Le motif d’opposition fondé sur l’alinéa 38(2)d)

[74]           Bien que la Requérante ait le fardeau d’établir que la Marque distingue véritablement ses Marchandises des marchandises d’autres propriétaires partout au Canada ou qu’elle est adaptée à les distinguer ainsi [voir Muffin Houses Incorporated c. The Muffin House Bakery Ltd. (1985), 4 C.P.R. (3d) 272 (C.O.M.C.)], c’est à l’Opposante qu’il incombe d’abord d’établir les faits sur lesquels le motif fondé sur l’absence de caractère distinctif repose.

[75]           L'Opposante allègue que la Marque n’est pas distinctive en ce qu'elle n'est pas adaptée à distinguer les Marchandises des marchandises d'autres propriétaires.
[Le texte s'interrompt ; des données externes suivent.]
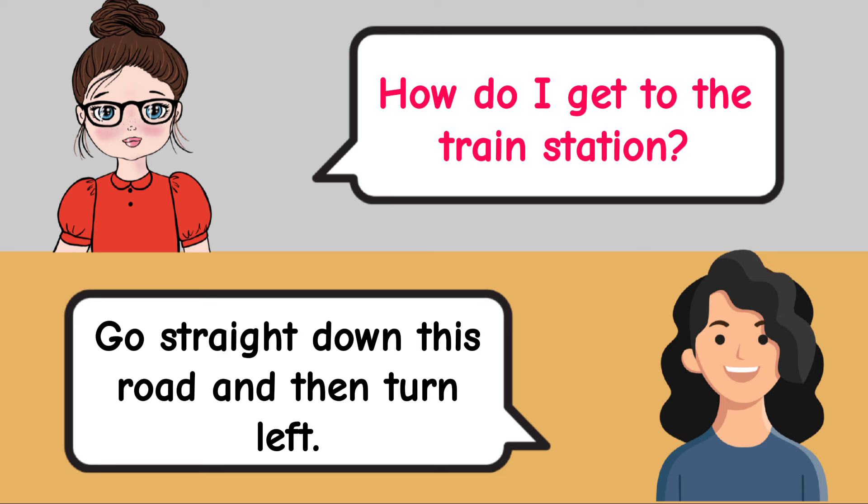Will the train leave on time? Yes, the train will leave on time. Are you in a hurry? No, I am not in a hurry.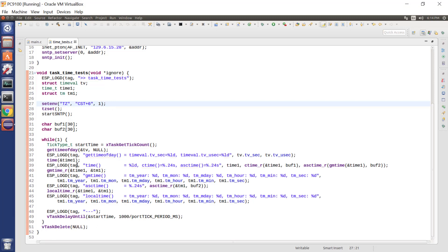And then we loop over this, we loop every second, and we keep logging out the clock. Now, the question you're probably asking is, well, this isn't very useful. If the ESP32 doesn't know the actual time, what's the point in displaying these values?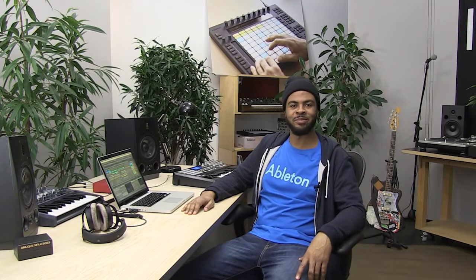You should now be able to export audio with Ableton Live. For detailed information on these exporting audio options, please see the Managing Files and Sets chapter of the Ableton Live reference manual available from the Help menu.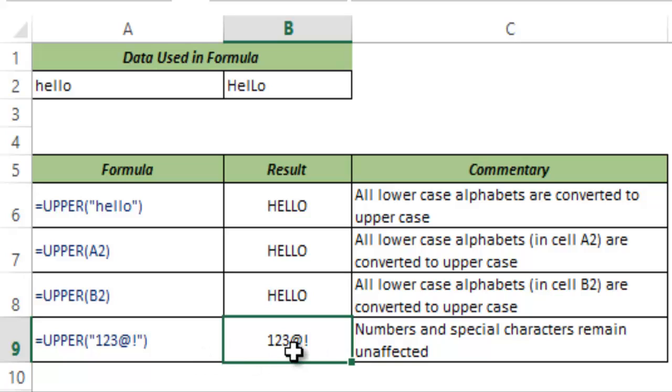So this is how the UPPER function works in Excel. I hope you found this useful. Thank you and have a nice day.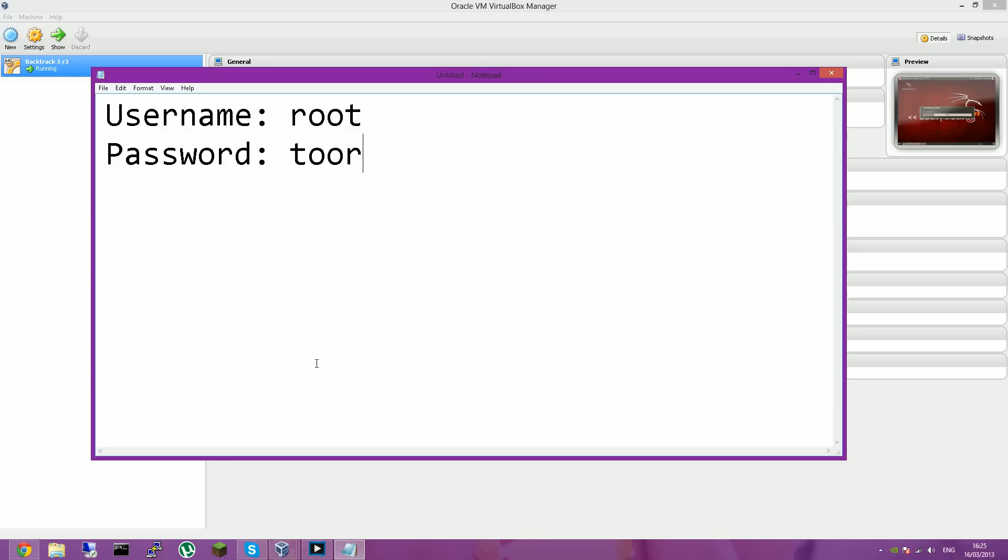And that's basically how to install Backtrack 5 R3 on a VirtualBox. And that's all there is to it.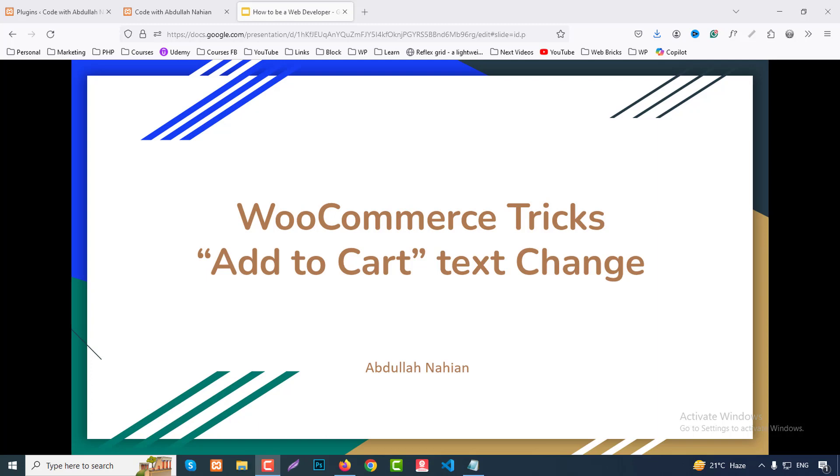When you create any eCommerce website using WordPress and WooCommerce, by default the add to cart button shows. Sometimes we need to change this text. Sometimes we use paid plugins or very heavy plugins, but in this video I will show you how to change this text using just a few lines of code and it's very easy. So let's start.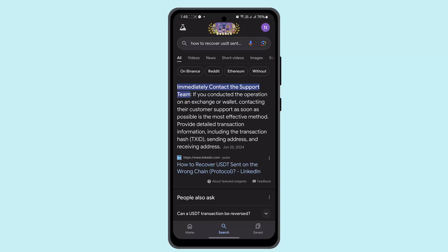Likewise, you could contact the recipient if applicable. If you sent the USDC to an individual, politely reach out and explain the situation. Provide details like the transaction hash, amount, and date to help them identify the funds. Remember that returning the funds is at their discretion.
[76]           Selon l’arrêt Novopharm Limited c. AstraZeneca AB (2002), 21 C.P.R. (4th) 289 (C.A.F.), je dois apprécier le caractère suffisant de l’argument au regard des éléments de preuve. D'après un examen de la déclaration d'opposition dans son ensemble et de la preuve au dossier, je conclus que le motif d’opposition fondé sur l'absence de caractère distinctif s'appuie sur le fait que la Marque serait le nom des Marchandises ou qu’elle donne une description claire ou une description fausse et trompeuse de la nature de la qualité des Marchandises.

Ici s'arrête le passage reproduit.